*WORK REQUIRED:*
Could every line of the listing be output exactly, with the pictures skipped?

*GIVEN DATA:*
*** Begin section ***
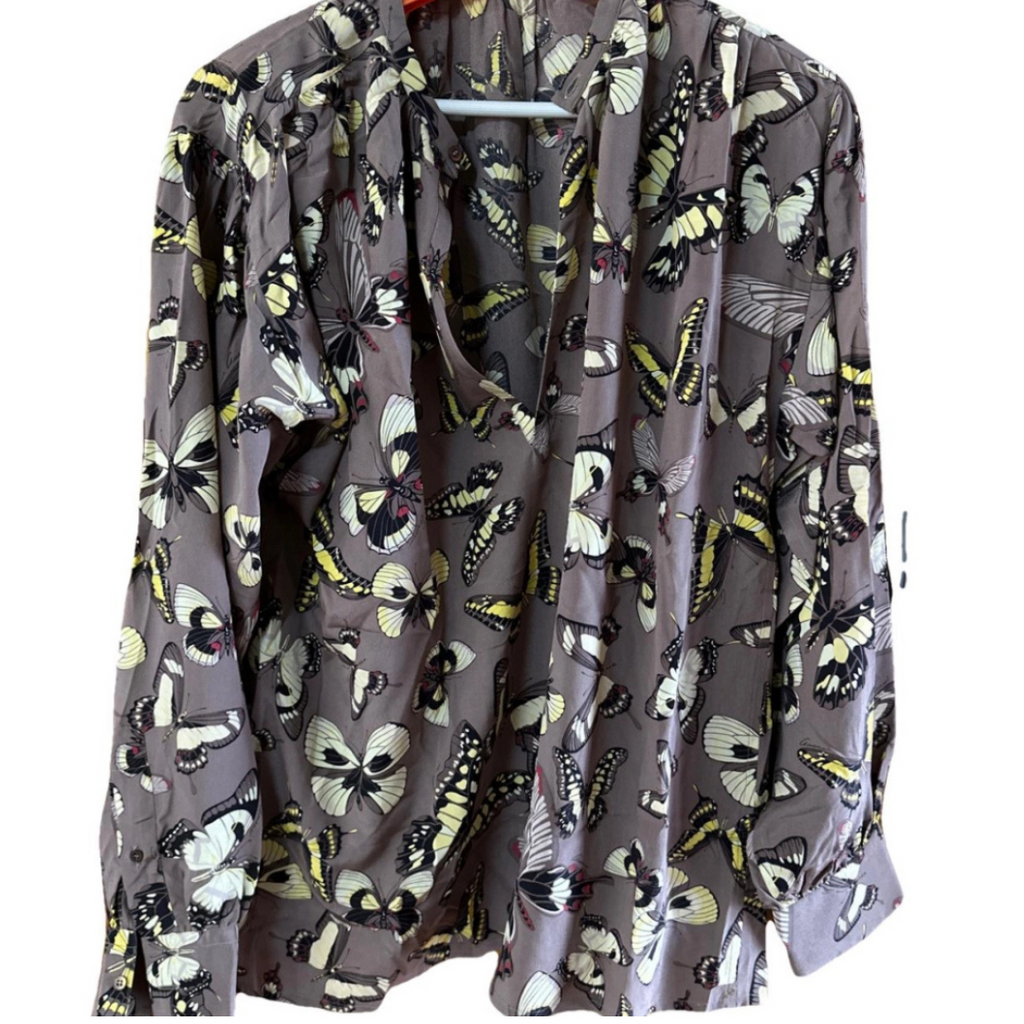 Vintage Gucci by Tom Ford Men’s Butterfly Motif Silk Shirt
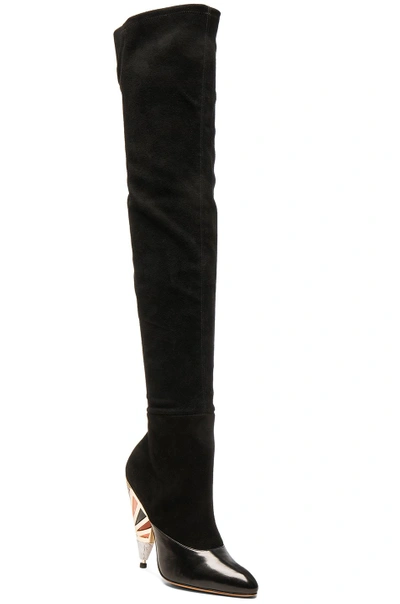 Shop Givenchy Multicolor Heel Suede Over The Knee Boots In Black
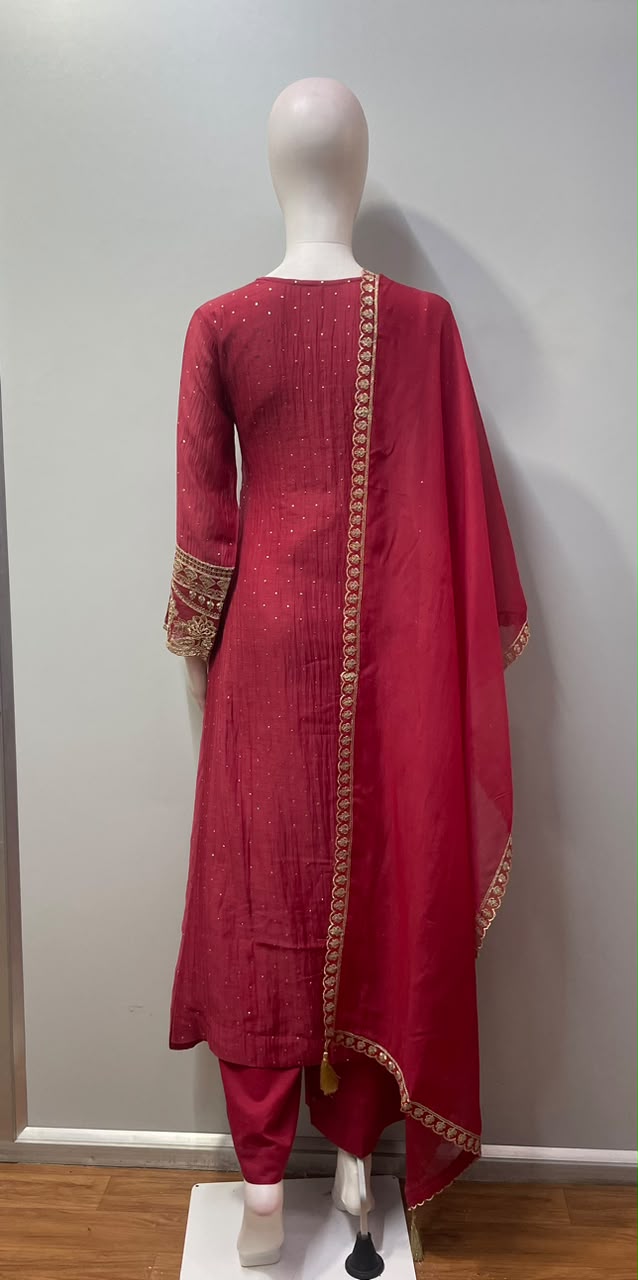Deep Raspberry Antique Gold Anarkali Set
*** End section ***
*SOLVED EXERCISE:*
 Vintage Gucci by Tom Ford Men’s Butterfly Motif Silk Shirt
 Shop Givenchy Multicolor Heel Suede Over The Knee Boots In Black
Deep Raspberry Antique Gold Anarkali Set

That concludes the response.